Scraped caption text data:
===============
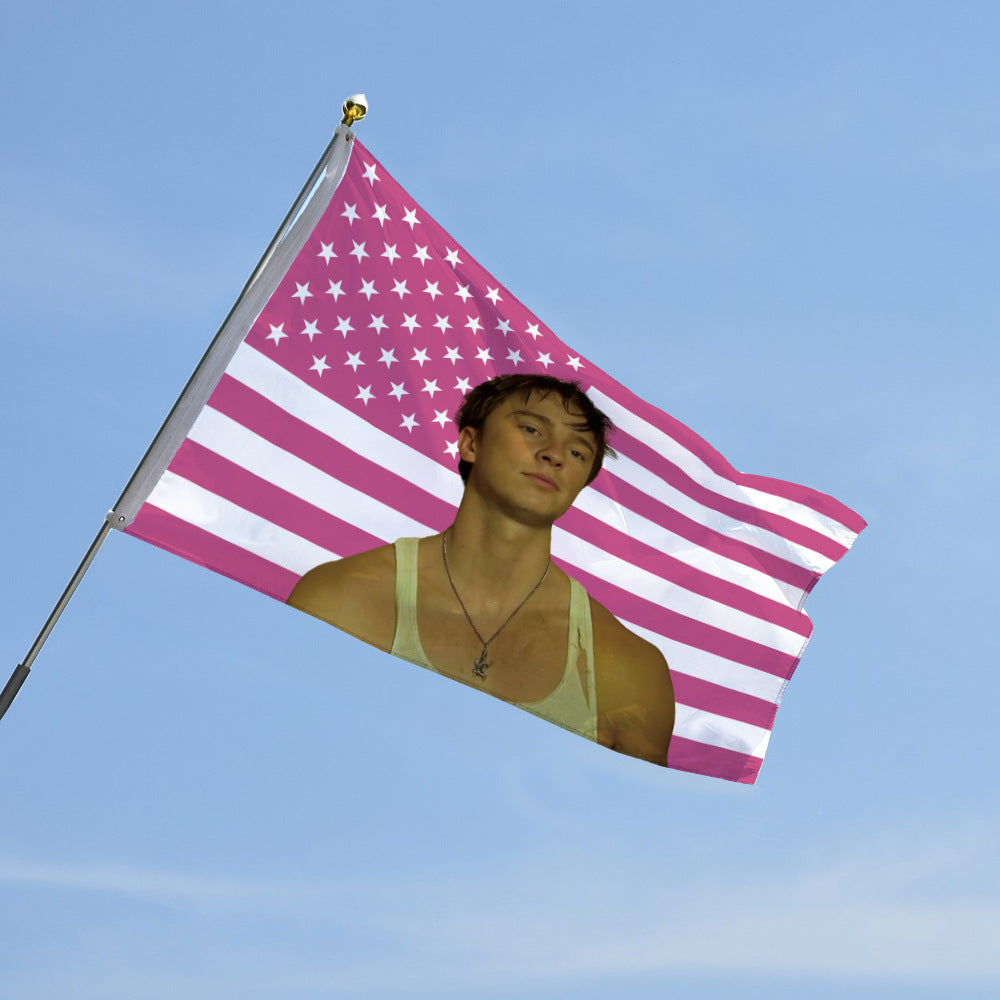 Drew Starkey Tapestry Flag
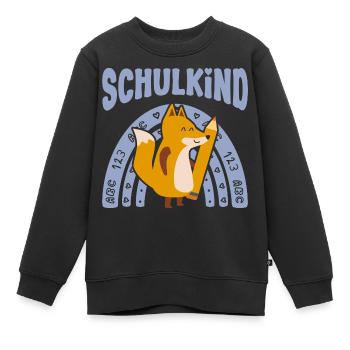 Schulkind 2026 - Erstklässler Einschulung - Süßer - Kinder Premium Organic Sweatshirt - Schwarz - Vorne - AI Model Kid Female (0cm)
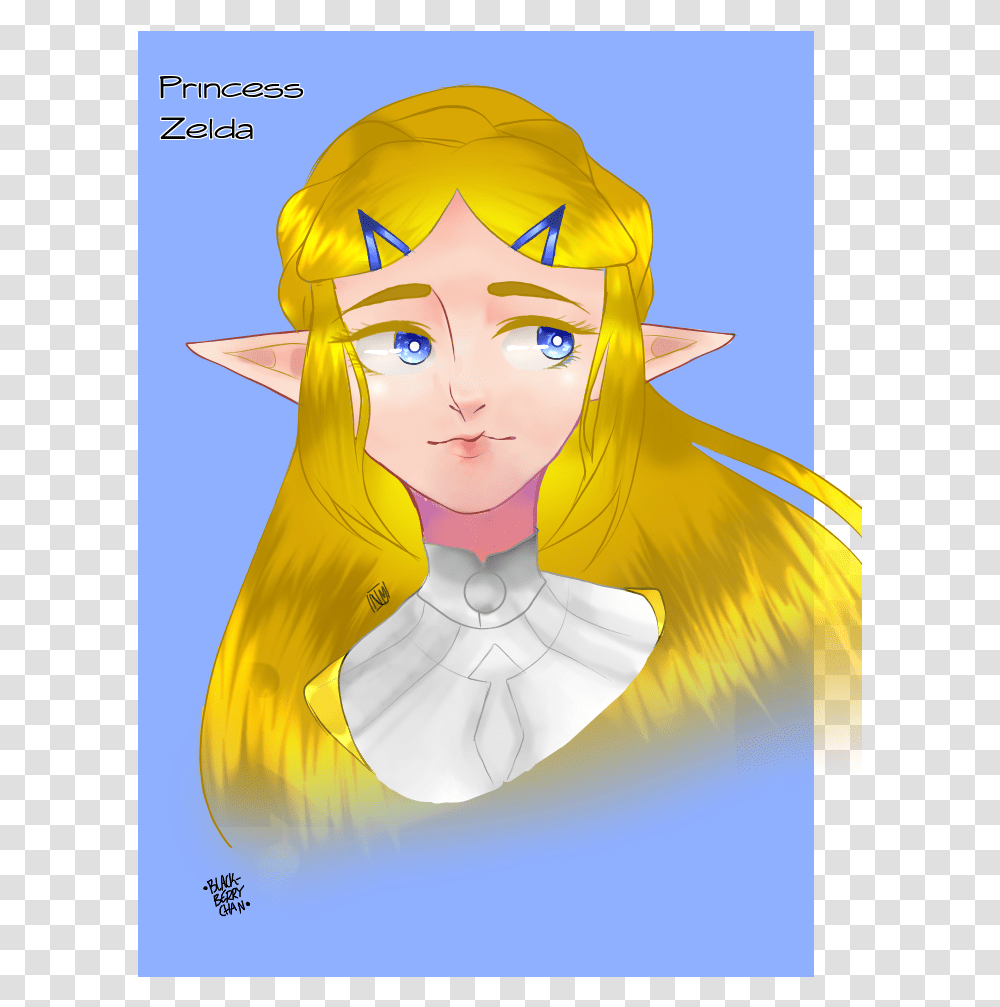 Repost Princess Zelda Illustration, Face Transparent Png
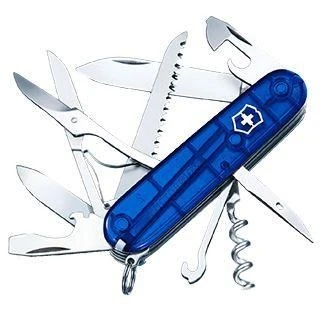 Victorinox Huntsman Blue Transparent Blister Pack 4 Victorinox Huntsman Blue Transparent Blister Pack - Image 2
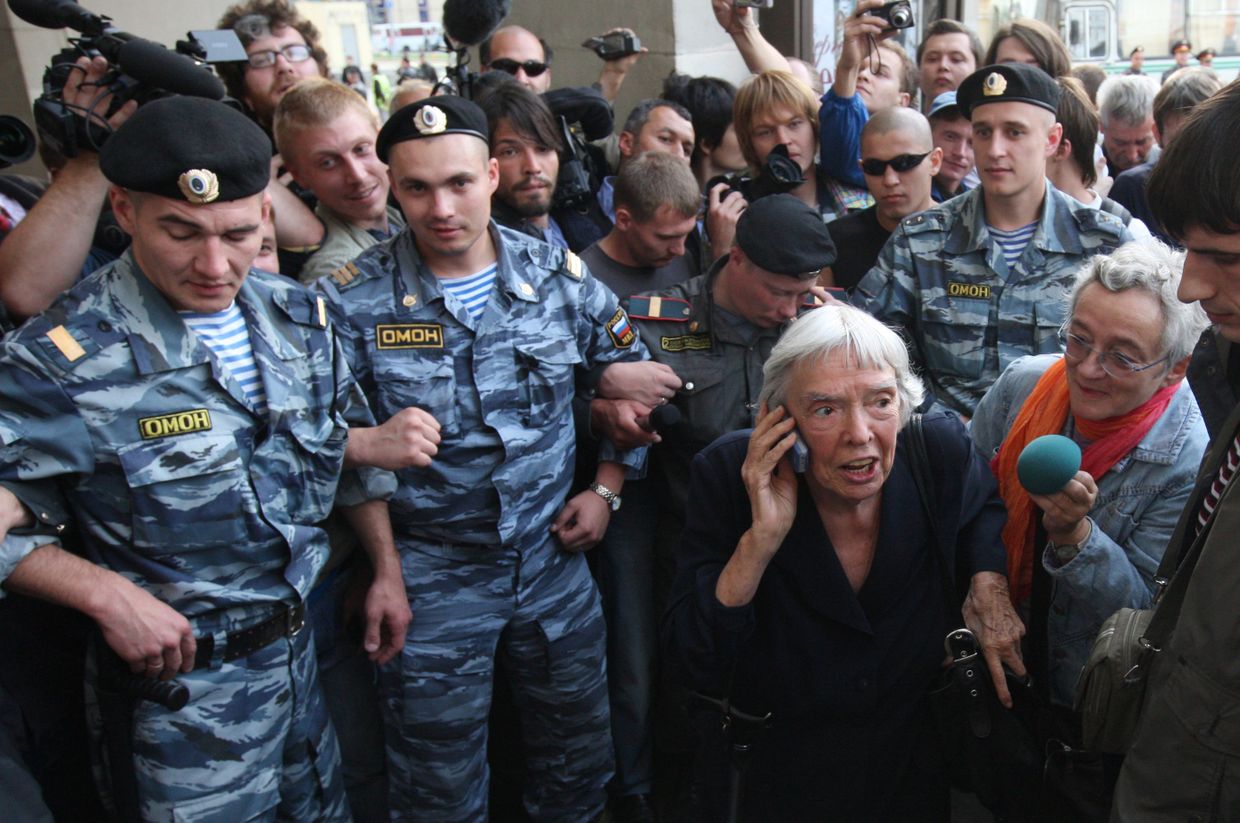 Председатель Московской Хельсинкской группы Людмила Алексеева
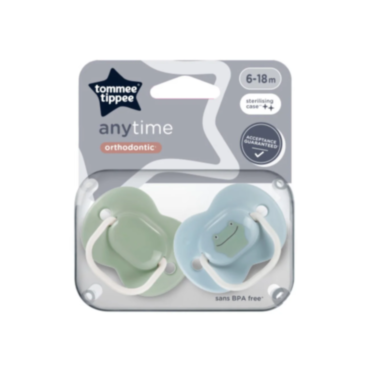 Tommee Tippee Anytime Soothers 6-18M Mixed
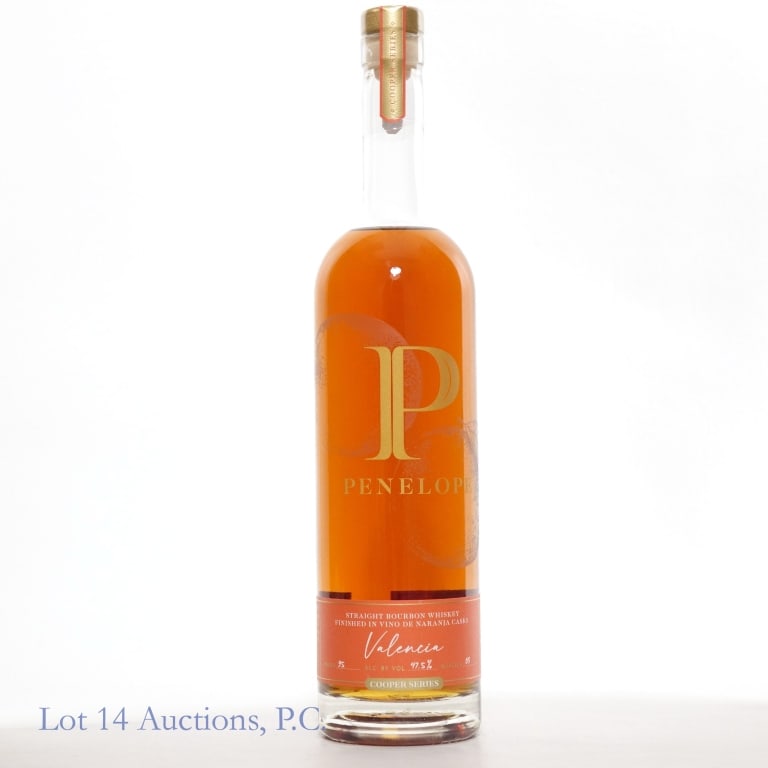 Penelope Cooper Series: Valencia Bourbon: Penelope Cooper Series: Valencia Bourbon, 95 Proof, 750 ml, Batch #2, finished in vino de naranja casks.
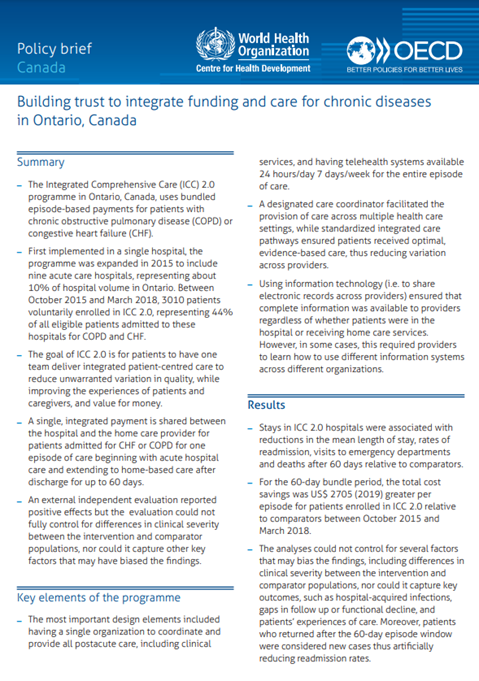 Canada case study policy brief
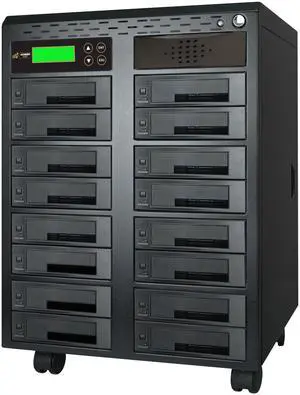 Acumen Disc 1 to 15 Hard Drive Duplicator - 36GB/Min - Standalone Copier and DoD Compliant Sanitizer/Eraser for Multiple SATA 3.5 HDD Disk & 2.5 SSD Solid State Drives 600MB/Sec (H15-SATA3)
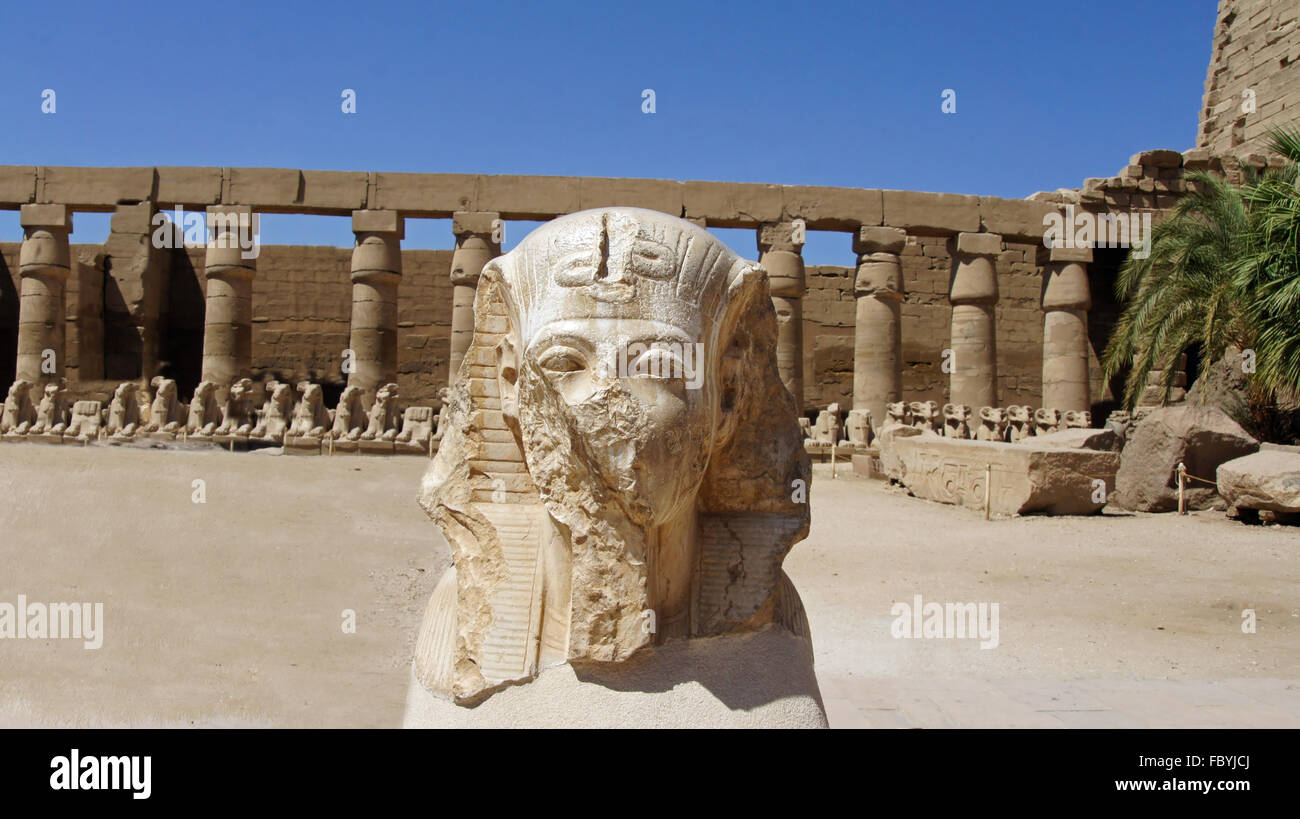 temple of karnak in luxor Stock Photo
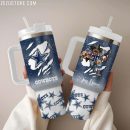 Dallas Cowboys NFL Glitter Custom Stanley Quencher 30oz-40oz Stainless Steel Tumbler Hot And Cold Tumbler
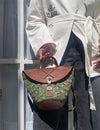 Forest Criss Cross Bucket Tote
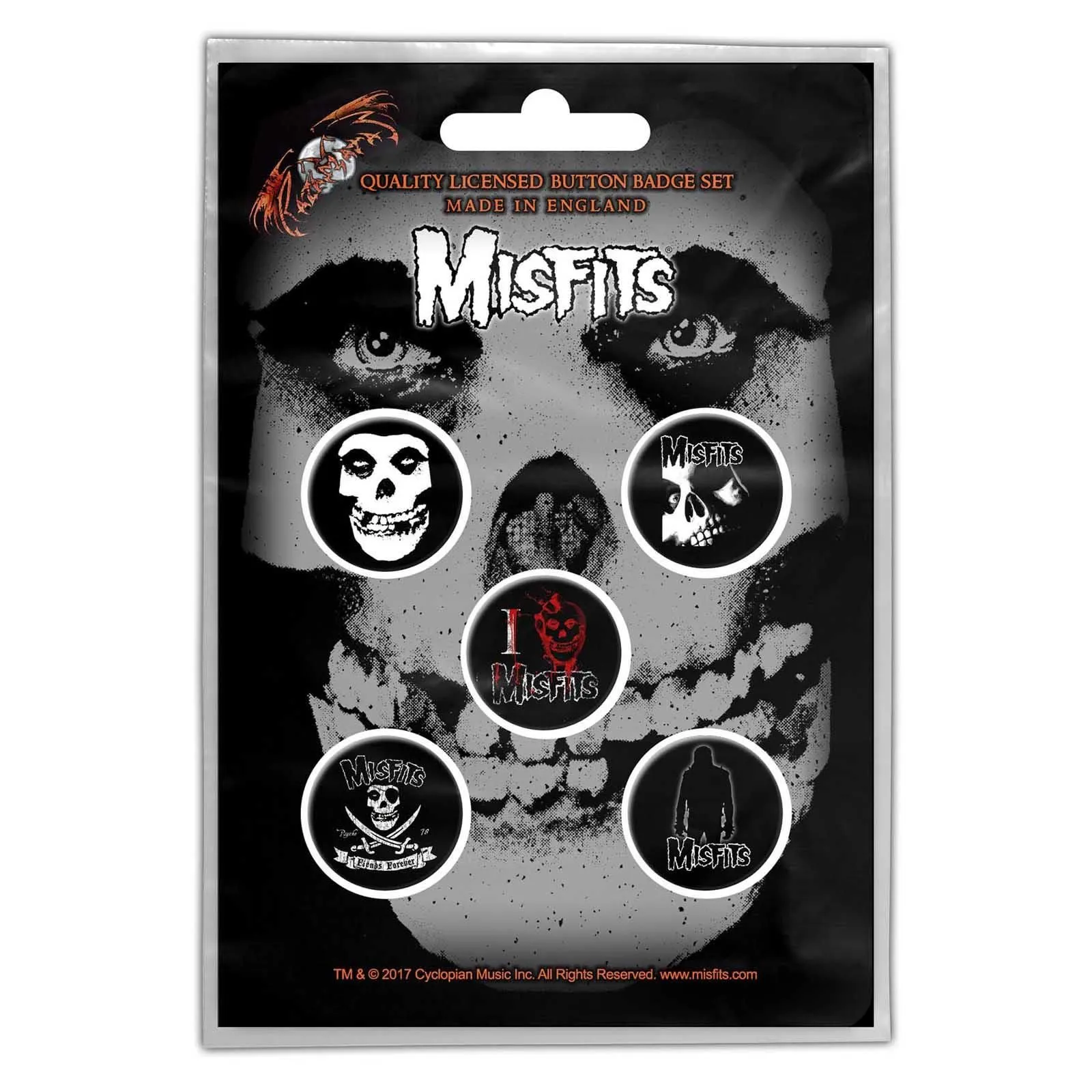 Skull Badge Set (Pack of 5)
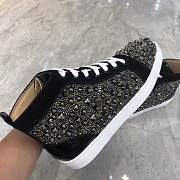 Christian Louboutin Lou Pik Pik Strass Orlato Flat High-Top Black - 3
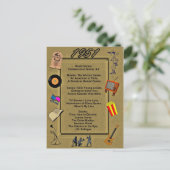 1951 Grands événements Carte d'anniversaire (Debout devant)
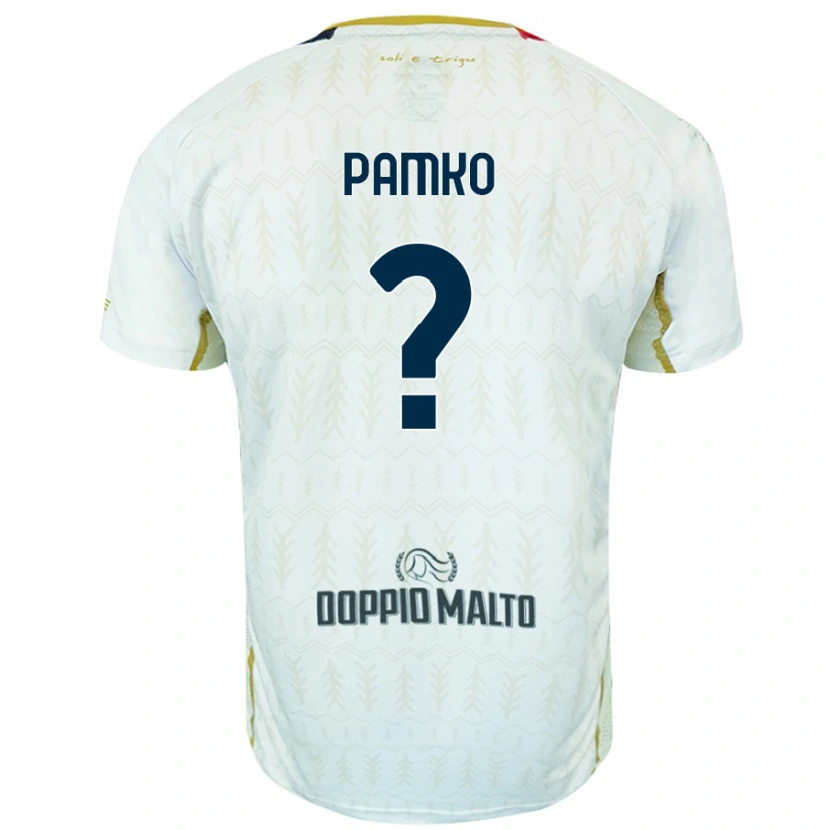 Danxen Heren Dmytro Pamko #0 Wit Uitshirt Uittenue 2024/25 T-Shirt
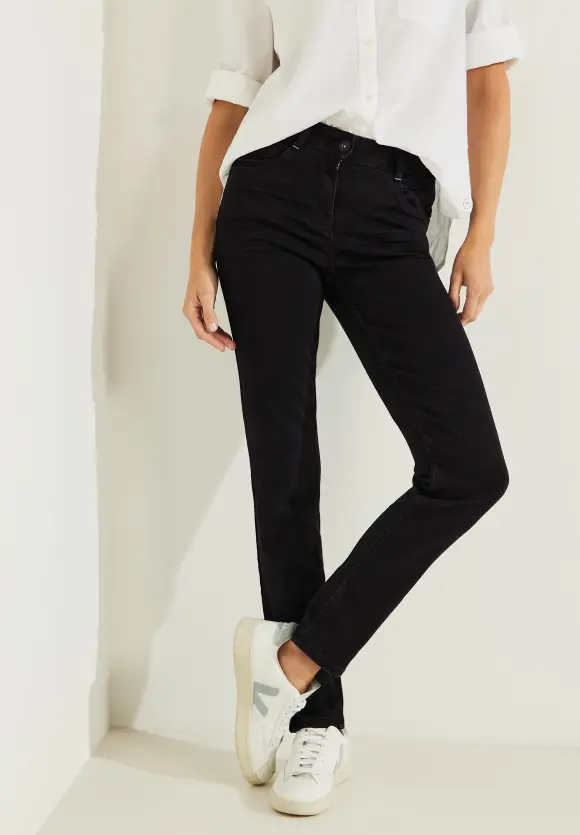 CECIL Schwarze Slim Fit Jeans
===============
# EXERCISE DESCRIPTION
Copy each line of the records precisely and drop any images they hold.

# RESULT
 Drew Starkey Tapestry Flag
 Schulkind 2026 - Erstklässler Einschulung - Süßer - Kinder Premium Organic Sweatshirt - Schwarz - Vorne - AI Model Kid Female (0cm)
 Repost Princess Zelda Illustration, Face Transparent Png
 Victorinox Huntsman Blue Transparent Blister Pack 4 Victorinox Huntsman Blue Transparent Blister Pack - Image 2
 Председатель Московской Хельсинкской группы Людмила Алексеева
 Tommee Tippee Anytime Soothers 6-18M Mixed
 Penelope Cooper Series: Valencia Bourbon: Penelope Cooper Series: Valencia Bourbon, 95 Proof, 750 ml, Batch #2, finished in vino de naranja casks.
 Canada case study policy brief
 Acumen Disc 1 to 15 Hard Drive Duplicator - 36GB/Min - Standalone Copier and DoD Compliant Sanitizer/Eraser for Multiple SATA 3.5 HDD Disk & 2.5 SSD Solid State Drives 600MB/Sec (H15-SATA3)
 temple of karnak in luxor Stock Photo
 Dallas Cowboys NFL Glitter Custom Stanley Quencher 30oz-40oz Stainless Steel Tumbler Hot And Cold Tumbler
 Forest Criss Cross Bucket Tote
 Skull Badge Set (Pack of 5)
 Christian Louboutin Lou Pik Pik Strass Orlato Flat High-Top Black - 3
 1951 Grands événements Carte d'anniversaire (Debout devant)
 Danxen Heren Dmytro Pamko #0 Wit Uitshirt Uittenue 2024/25 T-Shirt
 CECIL Schwarze Slim Fit Jeans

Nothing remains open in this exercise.